Crossing the Adriatic from northern Greece to southern Italy on the night ferry’s reclining chairs left us feeling anything but restored.  An awful cappuccino on board provided a caffeine jolt and no other pleasure.

As we rolled back onto land at Bari port we needed something delicious to kickstart our arrival in Italy. We found it in focaccia. 



This may have been a down and out dockside suburb, but the baker at this most ordinary panificio was doing a good trade in what to me is still a gourmet treat. Great rounds of olive oil-spiked flatbread swiftly transported from the woodfired oven to his colleague’s marble bench to slice, package and weigh for salivating customers.

We ate ours in a slightly trashy and rather unItalian way, in the car on the 130km/hr superstrada from Bari to Ostuni, gushing in a not original way about Italian food.

The bread is focaccia barese – it uses a similar dough to pizza, and like many Mediterranean flatbreads is derived from the flatbreads of the Ancient Greeks [for whom southern Italian provinces were part of Magna Graecia] with oil, salt and herbs.

Focaccia barese has three classic toppings: potato and rosemary; tomato and olive; and herb. But most panificio (bakery) or focacceria offer an expanded range beyond these classics, including hams, cheeses and vegetables, and sometimes as fillings rather than toppings.

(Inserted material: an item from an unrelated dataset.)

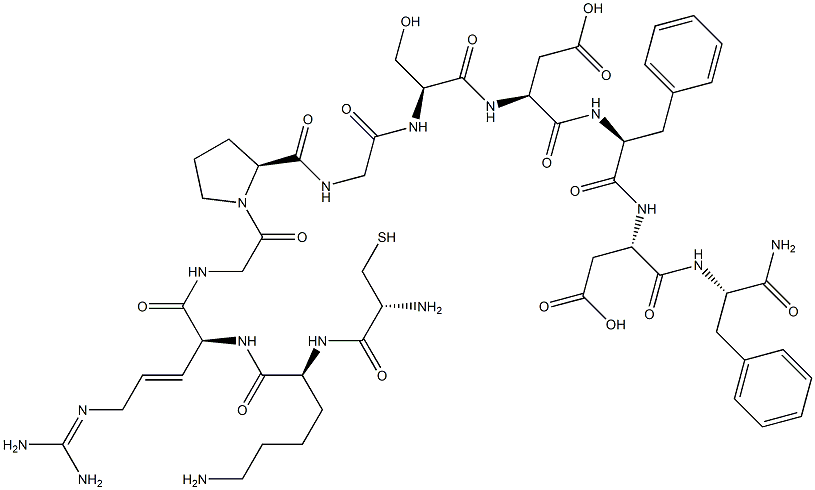 (3S)-3-[[(2S)-2-[[2-[[(2S)-1-[2-[[(E,2S)-2-[[(2S)-6-amino-2-[[(2R)-2-a mino-3-sulfanyl-propanoyl]amino]hexanoyl]amino]-5-(diaminomethylidenea mino)pent-3-enoyl]amino]acetyl]pyrrolidine-2-carbonyl]amino]acetyl]ami no]-3-hydroxy-propanoyl]amino]-3-[[(1S)-1-[[(1S)-1-[[(1S)-1-carbamoyl- 2-phenyl-ethyl]carbamoyl]-2-carboxy-ethyl]carbamoyl]-2-phenyl-ethyl]ca rbamoyl]propanoic acid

That dockside sample was a perfectly good introduction to focaccia barese but was soon displaced by more interesting toppings.

My favourite places (both in Ostuni) were:

A topping of grilled aubergine and peppers made a more complete lunch.

A slice of a rectangular traybake version with sweet roast onions embedded in the rich bread was more in like a moist apple cake in texture than a bread, falling apart with silky onions.

Focaccia in Puglia tends to be eaten in the morning or for a light lunch. Different flavours are brought out throughout the morning so you may not see the full complement on a single visit. Focaccia is also often served by pizzerias – focaccia during the day and pizza at night.